Abstract

A number of recent studies have been directed at measuring and modeling detection of targets at specific locations in natural backgrounds, a key subtask of visual search in natural environments. A useful approach is to bin natural background patches into joint histograms with bins along specific background dimensions. By measuring psychometric functions in a sparse subset of these bins, it is possible to estimate how the included dimensions jointly affect detectability over the whole space of natural backgrounds. In previous studies, we found that threshold is proportional to the product of the background luminance, contrast, and similarity; a result predicted by a simple template-matching observer with divisive normalization along each of the dimensions.
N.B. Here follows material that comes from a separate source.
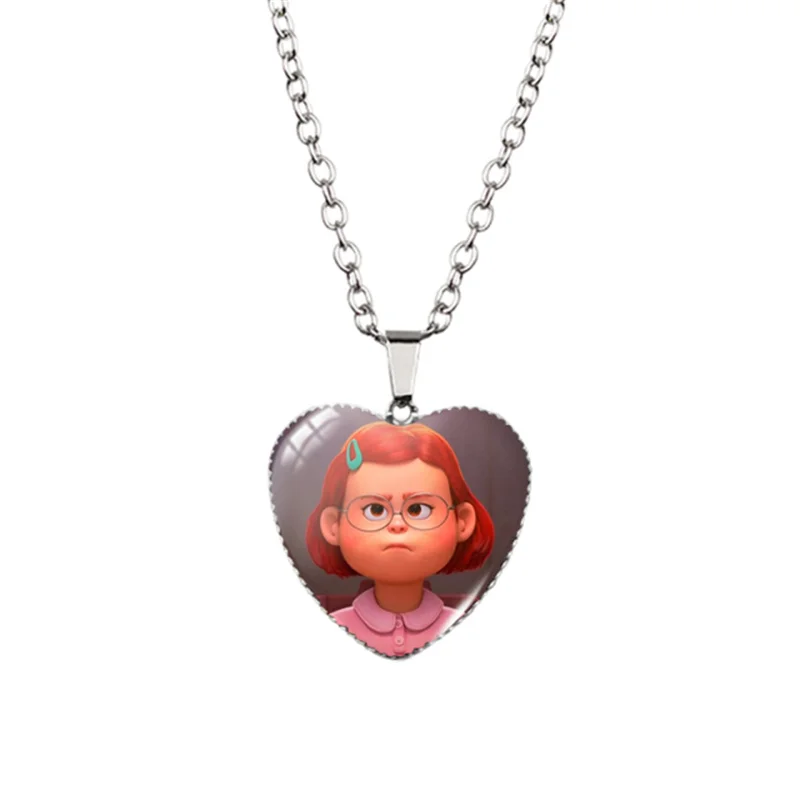 2022 Disney Turning Red Anime Heart Shaped Necklace  Pendants The Little Red Panda Figure Handmade Crafts Jewelry kids Gifts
The measure of similarity was the cosine similarity of the amplitude spectra of the target and background (SA)-a phase-invariant measure. Here, we investigated the effect of the cosine similarity of the target and background images (SI|A)-a phase-dependent measure. We found that threshold decreases monotonically with SI|A in agreement with a recent study (Rideaux et al., 2022). In contrast, the template-matching observer predicts threshold to be a U-shaped function of SI|A reaching a minimum when the target and background are orthogonal (SI|A = 0). Surprisingly, when the template-matching observer includes a small amount of intrinsic position uncertainty (measured in a separate experiment) the pattern of thresholds is explained.